困難な案件にも真正面から取り組み、依頼者が求める結果を出すために力を尽くす
相続案件に注力。「相続人が多い」「特別受益で揉めている」など複雑なケースにも対応
ーー注力分野とその分野に注力している理由を教えてください。
一番多いのは相続の案件です。事務所が相続分野に力を入れているので、私も多数の案件を手がけています。
ーー相続の案件では、どのようなことが争点になるケースが多いのですか。
特別受益や遺留分、生前贈与をめぐってトラブルになり、相談にいらっしゃる方が多いです。一部の相続人が勝手に被相続人の預金を引き出したとして、他の相続人との間で揉めるケースもあります。
たまにあるのが、相続人が非常に多いケースです。相続手続きがおこなわれないまま数十年の月日が流れ、その間に、元々相続人だった人が死亡してさらに相続が発生することで相続人が50人、100人に膨れあがってしまった。件数は少ないですが、そのような事案も実際に受けています。
特別受益のように特殊な計算が必要になったり、相続人が多すぎたりするような複雑なケースは、当事者だけで相続の手続きを進めることは極めて困難です。弁護士が介入し、法律の専門知識と経験に基づいて対応することで、迅速かつ適切な解決につながる可能性が高いといえます。
ーー相続人が多いケースで、先生に依頼した場合、どのように手続きを進めていくのでしょうか。
まずは誰が相続人で、どこに住んでいるのかを確定することから始めます。戸籍から1人ひとり調べていくしかないので、調査が完了するまでには数か月かかります。
通常の相続案件では、相続人が確定したら、弁護士が遺産の取り分などについて各人と交渉し、落とし所を探っていきます。しかし、相続人が50人も100人もいる場合は1人ひとりと交渉して解決をはかることは難しいので、裁判所に遺産分割調停を申し立てます。
その後、できる限り各相続人と連絡を取って意向を聞いた上で、それほど争いが大きくないと思われる場合は裁判所から遺産分割案を出してもらい、相続人に提示します。誰からも反論が出なければ、その案に従って遺産分割の手続きを進めていくという流れになります。
ーー相続の他には、どのような案件を手がけていますか。
顧問先企業からの依頼に対応することが多いです。海外企業との取引に必要な、英文契約書の作成も承っています。個人の方からの依頼では、離婚や消費者問題、数は多くないですが医療事故の案件に取り組むこともあります。
国際案件のように専門知識が必要なケースや、当事者の対立が激しく解決までに時間がかかるようなケースは、敬遠する弁護士の方もいると思います。ですが私は、案件の内容によって選り好みをするようなことはしません。いかに困難であっても、自分に任せられた案件に真正面から向き合い、依頼者の利益のために全力で対応することを信条としています。
依頼者が求める結果を出すことが全て
ーー仕事をする上で心がけていることを教えてください。
弁護士に依頼する際は、決して安くない費用を支払うことになります。
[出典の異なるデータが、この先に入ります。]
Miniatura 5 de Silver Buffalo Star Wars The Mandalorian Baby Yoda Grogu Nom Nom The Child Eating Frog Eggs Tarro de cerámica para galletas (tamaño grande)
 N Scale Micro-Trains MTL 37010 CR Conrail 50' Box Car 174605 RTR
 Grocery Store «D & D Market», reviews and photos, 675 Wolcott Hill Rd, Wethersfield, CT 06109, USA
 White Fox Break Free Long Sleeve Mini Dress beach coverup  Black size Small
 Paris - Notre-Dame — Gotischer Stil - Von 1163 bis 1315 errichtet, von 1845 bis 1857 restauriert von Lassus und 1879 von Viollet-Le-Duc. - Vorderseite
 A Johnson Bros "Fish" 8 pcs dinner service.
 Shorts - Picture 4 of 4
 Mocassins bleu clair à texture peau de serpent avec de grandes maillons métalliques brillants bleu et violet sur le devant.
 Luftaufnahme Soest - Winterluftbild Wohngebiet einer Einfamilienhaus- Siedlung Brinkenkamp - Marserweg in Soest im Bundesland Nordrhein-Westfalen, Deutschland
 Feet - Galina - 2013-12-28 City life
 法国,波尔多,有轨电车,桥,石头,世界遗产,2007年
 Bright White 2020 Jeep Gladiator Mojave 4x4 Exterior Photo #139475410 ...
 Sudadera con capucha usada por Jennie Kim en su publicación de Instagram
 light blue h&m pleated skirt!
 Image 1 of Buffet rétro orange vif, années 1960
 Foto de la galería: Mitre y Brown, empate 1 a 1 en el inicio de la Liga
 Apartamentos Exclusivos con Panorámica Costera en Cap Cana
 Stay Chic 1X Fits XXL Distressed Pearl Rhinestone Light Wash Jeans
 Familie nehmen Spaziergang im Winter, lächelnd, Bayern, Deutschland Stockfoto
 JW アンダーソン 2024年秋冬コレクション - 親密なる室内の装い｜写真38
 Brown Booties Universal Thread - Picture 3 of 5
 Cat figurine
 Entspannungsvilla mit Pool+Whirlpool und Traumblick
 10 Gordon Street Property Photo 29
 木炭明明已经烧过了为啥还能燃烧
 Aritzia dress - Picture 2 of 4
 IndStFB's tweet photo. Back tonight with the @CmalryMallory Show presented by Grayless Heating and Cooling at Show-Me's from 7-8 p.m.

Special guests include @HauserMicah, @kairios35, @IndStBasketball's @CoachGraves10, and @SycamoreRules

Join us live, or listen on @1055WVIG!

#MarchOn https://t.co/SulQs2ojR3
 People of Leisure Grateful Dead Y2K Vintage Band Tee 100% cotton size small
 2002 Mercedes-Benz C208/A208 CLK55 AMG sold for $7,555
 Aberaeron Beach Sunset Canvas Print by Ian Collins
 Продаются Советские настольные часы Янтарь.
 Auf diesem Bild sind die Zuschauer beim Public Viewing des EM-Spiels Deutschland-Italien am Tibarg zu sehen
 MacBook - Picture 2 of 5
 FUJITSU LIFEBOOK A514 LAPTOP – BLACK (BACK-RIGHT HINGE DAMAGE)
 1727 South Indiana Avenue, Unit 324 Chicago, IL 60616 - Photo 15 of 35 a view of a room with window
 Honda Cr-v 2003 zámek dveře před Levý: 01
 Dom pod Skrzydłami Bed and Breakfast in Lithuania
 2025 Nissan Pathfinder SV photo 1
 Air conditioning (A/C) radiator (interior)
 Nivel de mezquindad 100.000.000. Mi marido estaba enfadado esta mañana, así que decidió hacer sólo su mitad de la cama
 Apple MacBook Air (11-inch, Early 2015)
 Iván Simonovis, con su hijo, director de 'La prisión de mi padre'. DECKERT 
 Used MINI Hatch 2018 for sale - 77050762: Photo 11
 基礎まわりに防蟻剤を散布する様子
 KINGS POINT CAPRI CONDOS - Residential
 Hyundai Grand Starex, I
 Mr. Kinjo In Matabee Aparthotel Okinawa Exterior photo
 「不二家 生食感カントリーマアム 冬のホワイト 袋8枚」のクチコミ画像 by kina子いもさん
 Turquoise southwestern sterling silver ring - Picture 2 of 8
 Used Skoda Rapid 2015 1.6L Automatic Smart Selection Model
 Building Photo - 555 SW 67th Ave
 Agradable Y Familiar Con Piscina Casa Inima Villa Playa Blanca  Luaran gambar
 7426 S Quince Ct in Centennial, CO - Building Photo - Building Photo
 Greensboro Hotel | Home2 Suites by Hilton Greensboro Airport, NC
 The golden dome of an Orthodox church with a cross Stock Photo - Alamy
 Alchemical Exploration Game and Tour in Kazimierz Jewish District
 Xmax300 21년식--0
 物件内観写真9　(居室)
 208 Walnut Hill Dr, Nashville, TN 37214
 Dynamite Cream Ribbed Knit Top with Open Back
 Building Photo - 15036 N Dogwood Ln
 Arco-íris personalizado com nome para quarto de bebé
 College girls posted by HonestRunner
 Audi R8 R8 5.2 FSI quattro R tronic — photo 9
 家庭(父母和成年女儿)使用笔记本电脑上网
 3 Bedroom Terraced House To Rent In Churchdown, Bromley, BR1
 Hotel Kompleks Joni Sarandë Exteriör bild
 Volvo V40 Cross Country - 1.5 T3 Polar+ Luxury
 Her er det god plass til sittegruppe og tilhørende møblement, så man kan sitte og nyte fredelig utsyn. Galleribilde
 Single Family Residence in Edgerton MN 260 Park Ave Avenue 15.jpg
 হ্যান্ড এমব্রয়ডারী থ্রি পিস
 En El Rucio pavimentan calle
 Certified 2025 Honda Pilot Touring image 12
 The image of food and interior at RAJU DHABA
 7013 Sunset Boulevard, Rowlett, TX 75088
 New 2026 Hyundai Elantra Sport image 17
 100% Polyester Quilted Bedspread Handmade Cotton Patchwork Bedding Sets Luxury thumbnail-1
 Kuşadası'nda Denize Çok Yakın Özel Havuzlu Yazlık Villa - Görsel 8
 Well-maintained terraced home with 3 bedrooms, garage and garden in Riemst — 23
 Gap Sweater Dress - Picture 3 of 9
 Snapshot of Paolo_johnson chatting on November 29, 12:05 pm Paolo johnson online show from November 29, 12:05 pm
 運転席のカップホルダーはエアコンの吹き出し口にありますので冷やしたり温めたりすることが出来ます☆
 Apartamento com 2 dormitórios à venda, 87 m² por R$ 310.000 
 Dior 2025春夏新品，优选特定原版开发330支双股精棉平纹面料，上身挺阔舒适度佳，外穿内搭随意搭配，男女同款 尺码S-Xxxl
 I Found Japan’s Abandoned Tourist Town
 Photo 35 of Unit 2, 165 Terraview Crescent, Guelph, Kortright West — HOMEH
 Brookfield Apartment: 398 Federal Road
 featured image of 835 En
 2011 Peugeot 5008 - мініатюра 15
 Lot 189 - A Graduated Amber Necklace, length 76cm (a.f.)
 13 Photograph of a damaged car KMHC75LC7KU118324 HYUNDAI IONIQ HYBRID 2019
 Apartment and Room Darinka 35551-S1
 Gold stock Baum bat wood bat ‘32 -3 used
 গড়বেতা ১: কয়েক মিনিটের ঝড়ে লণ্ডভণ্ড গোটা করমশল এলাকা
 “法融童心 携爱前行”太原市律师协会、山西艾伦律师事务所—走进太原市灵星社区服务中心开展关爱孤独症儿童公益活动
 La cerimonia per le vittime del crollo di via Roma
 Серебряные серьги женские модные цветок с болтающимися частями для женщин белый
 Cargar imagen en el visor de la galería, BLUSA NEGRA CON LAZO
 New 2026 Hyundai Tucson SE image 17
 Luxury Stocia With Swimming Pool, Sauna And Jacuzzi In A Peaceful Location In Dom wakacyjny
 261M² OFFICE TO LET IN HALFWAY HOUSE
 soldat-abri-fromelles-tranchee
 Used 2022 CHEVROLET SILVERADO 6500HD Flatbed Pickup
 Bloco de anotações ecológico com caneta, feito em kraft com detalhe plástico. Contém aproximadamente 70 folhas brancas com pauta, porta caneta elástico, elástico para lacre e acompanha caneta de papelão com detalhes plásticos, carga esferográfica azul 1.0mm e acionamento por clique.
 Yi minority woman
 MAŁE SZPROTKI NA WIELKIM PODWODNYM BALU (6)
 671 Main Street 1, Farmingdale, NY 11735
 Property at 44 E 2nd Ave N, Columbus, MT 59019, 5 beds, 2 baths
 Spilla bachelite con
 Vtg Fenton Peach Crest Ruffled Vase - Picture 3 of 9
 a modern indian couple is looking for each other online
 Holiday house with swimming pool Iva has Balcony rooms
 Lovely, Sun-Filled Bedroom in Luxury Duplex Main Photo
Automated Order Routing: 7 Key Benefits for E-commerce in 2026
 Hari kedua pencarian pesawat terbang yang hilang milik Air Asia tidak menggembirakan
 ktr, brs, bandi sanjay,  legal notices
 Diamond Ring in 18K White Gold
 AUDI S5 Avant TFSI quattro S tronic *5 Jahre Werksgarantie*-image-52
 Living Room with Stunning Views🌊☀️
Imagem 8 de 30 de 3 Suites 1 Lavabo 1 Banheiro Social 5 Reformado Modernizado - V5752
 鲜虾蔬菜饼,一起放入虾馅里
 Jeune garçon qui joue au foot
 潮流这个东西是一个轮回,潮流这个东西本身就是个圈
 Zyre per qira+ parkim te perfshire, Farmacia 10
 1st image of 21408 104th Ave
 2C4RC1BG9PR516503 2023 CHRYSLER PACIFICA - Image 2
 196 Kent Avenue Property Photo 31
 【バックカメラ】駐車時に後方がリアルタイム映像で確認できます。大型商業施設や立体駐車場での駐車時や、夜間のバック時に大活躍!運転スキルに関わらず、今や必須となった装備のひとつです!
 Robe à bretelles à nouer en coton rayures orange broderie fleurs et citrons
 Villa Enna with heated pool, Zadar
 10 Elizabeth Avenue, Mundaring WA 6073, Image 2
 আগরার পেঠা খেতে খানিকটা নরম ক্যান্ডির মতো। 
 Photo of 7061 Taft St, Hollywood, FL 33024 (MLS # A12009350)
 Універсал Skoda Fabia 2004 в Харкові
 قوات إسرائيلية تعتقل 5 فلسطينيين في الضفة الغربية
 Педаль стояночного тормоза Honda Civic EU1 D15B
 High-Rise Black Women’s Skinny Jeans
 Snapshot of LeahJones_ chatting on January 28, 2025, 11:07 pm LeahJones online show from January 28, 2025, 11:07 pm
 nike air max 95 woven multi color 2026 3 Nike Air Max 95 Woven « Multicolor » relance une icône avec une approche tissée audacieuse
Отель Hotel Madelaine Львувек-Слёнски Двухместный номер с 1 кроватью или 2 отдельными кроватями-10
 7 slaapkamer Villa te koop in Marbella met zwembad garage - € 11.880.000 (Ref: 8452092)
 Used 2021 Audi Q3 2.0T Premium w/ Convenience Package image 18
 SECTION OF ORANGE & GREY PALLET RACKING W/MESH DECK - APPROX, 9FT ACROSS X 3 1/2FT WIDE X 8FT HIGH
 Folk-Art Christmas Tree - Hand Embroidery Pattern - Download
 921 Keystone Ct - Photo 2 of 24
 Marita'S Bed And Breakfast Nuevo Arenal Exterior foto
それだけのお金を支払っても依頼してよかった、弁護士を雇うメリットがあった、と思っていただけるように常に努力をしています。要するに、依頼者が求めている結果を出すために力を尽くすこと。依頼者が1円でも多くの利益を得られるようにすること。それが全てです。
企業案件の場合、結果を出すことはもちろんですが、一番重視しているのはスピードです。こちらの対応が遅れることによって、企業がビジネスチャンスを逃したり、損害を被ったりすることがないよう、できるだけ早急に対応をすることを心がけています。
ーー最後に、法律トラブルを抱えて悩んでいる方に向けてメッセージをお願いします。
私にできるのは、とにかく、依頼者が求めている結果を出すために尽力することです。結果にこだわりたい方や、譲れない条件がある方は、一度ご相談いただければと思います。